◆ Prompt ◆
Nothing but text lines should be duplicated: start with the first line of the listing below and stop after the line holding "I also want", omitting pictures.

##### Data extract

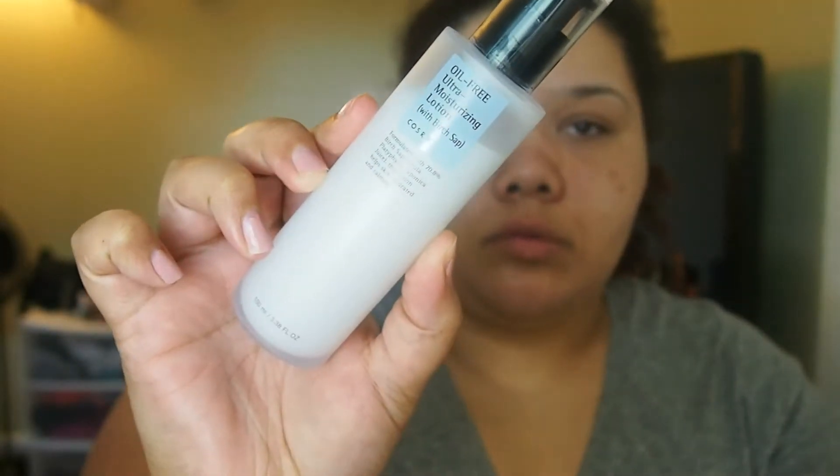First thing I'm going to start with is moisturizing and then priming with the NYX Angel Veil Primer, just to blur the skin and to keep the foundation on longer.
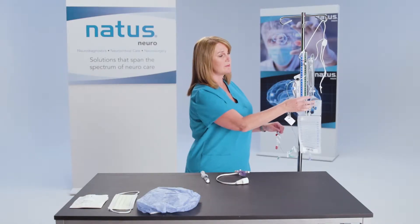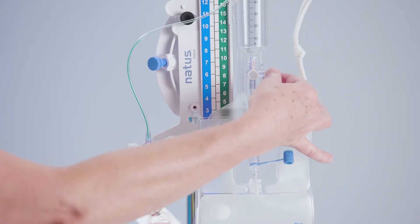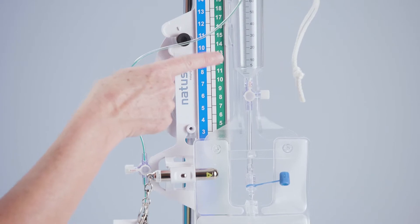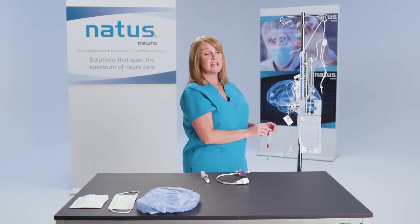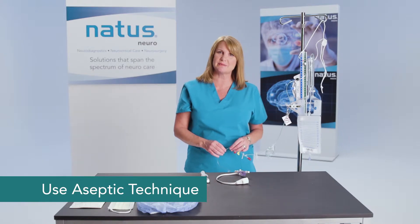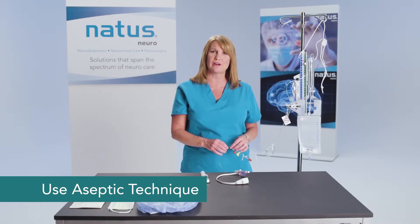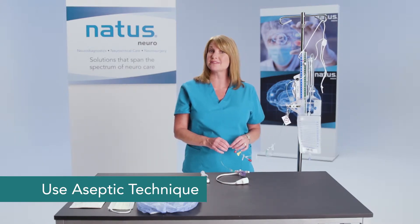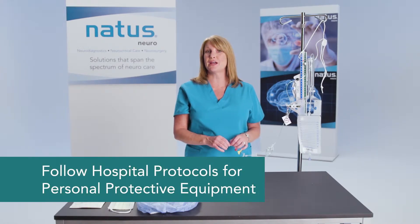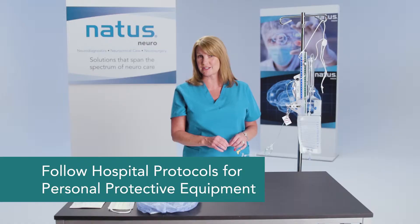I also want to check my fitting at the base of the burette and make sure that my stopcock is off to the burette. This is a good time to remind you that we really want to use aseptic technique when setting up our external transducers and priming the system. You'll want to follow your hospital protocols and make sure that you have your appropriate personal protective equipment, including sterile gloves, available.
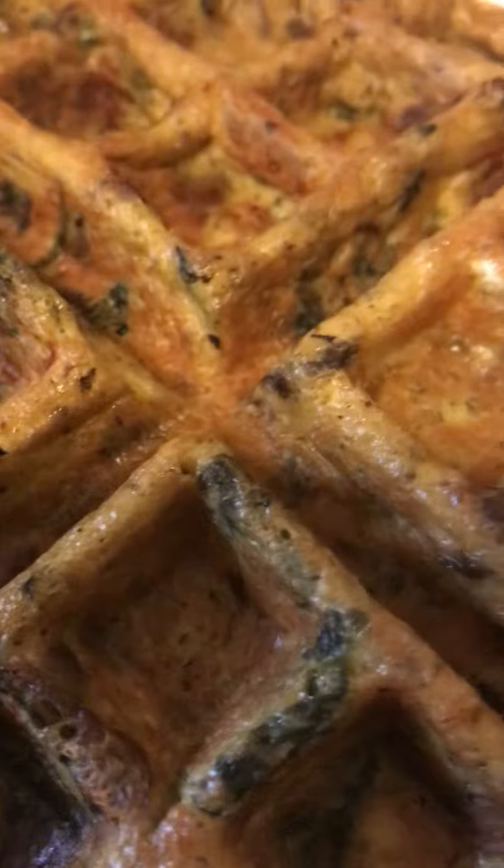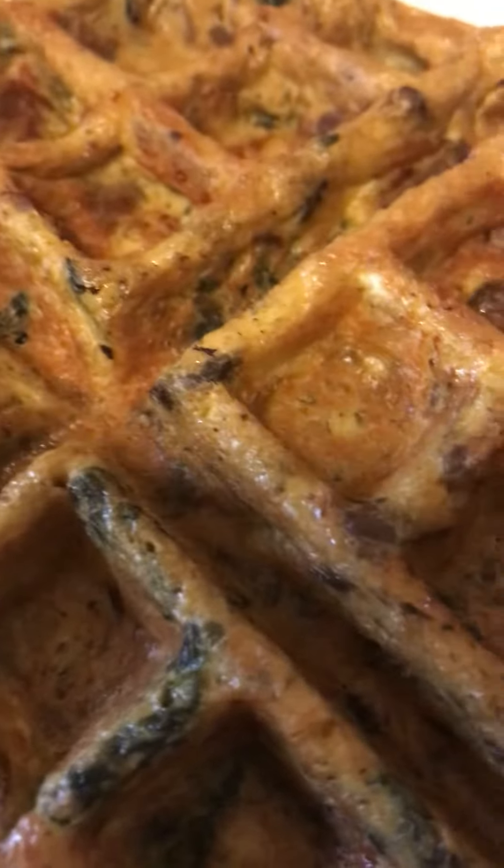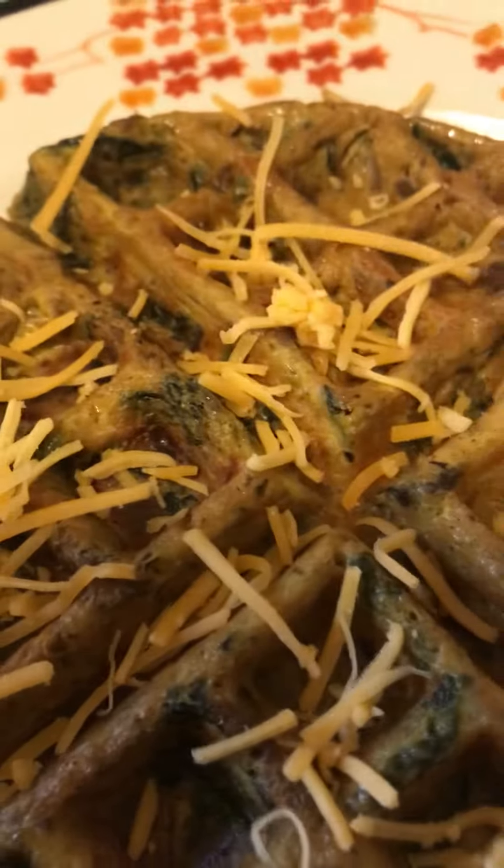You have your spinach, you have your mushroom, you have your delicious seasonings in there, guys, you have your onions in there. Now while it's piping hot, we're gonna drizzle a little bit of that shredded cheese on there so it can melt.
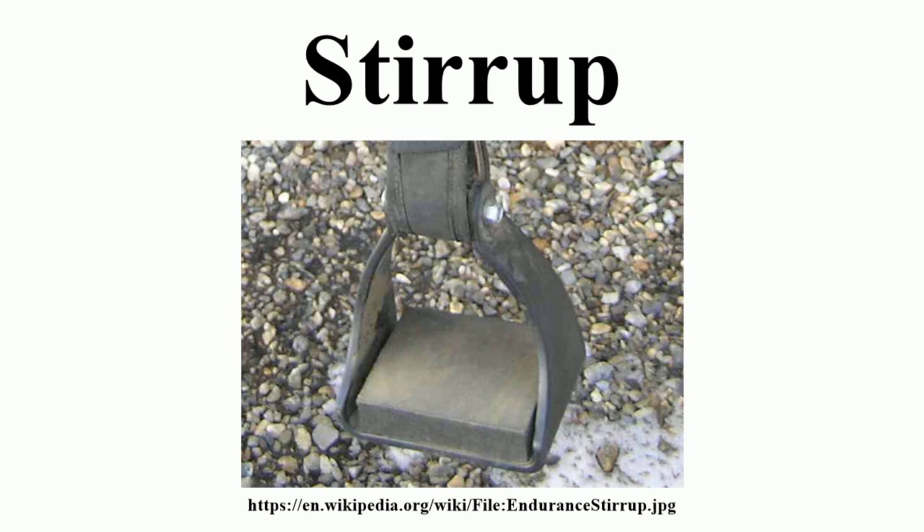The first European literary reference to the stirrup may be in the Strategicon, traditionally ascribed to the Byzantine emperor Maurice. Maurice's manual notes the appropriate equipping of imperial cavalry, stating that saddles should have large and thick cloths, bridles should be of good quality, and attached to the saddles should be two iron steps. Dennis notes that the lack of a specific Greek word for stirrup is evidence of their novelty to the Byzantines, who are supposed to have adopted these from their bitter enemy the Avars, and subsequently passed them on to the Arabs.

##########

◆ Exercise output ◆
First thing I'm going to start with is moisturizing and then priming with the NYX Angel Veil Primer, just to blur the skin and to keep the foundation on longer.
I also want to check my fitting at the base of the burette and make sure that my stopcock is off to the burette. This is a good time to remind you that we really want to use aseptic technique when setting up our external transducers and priming the system. You'll want to follow your hospital protocols and make sure that you have your appropriate personal protective equipment, including sterile gloves, available.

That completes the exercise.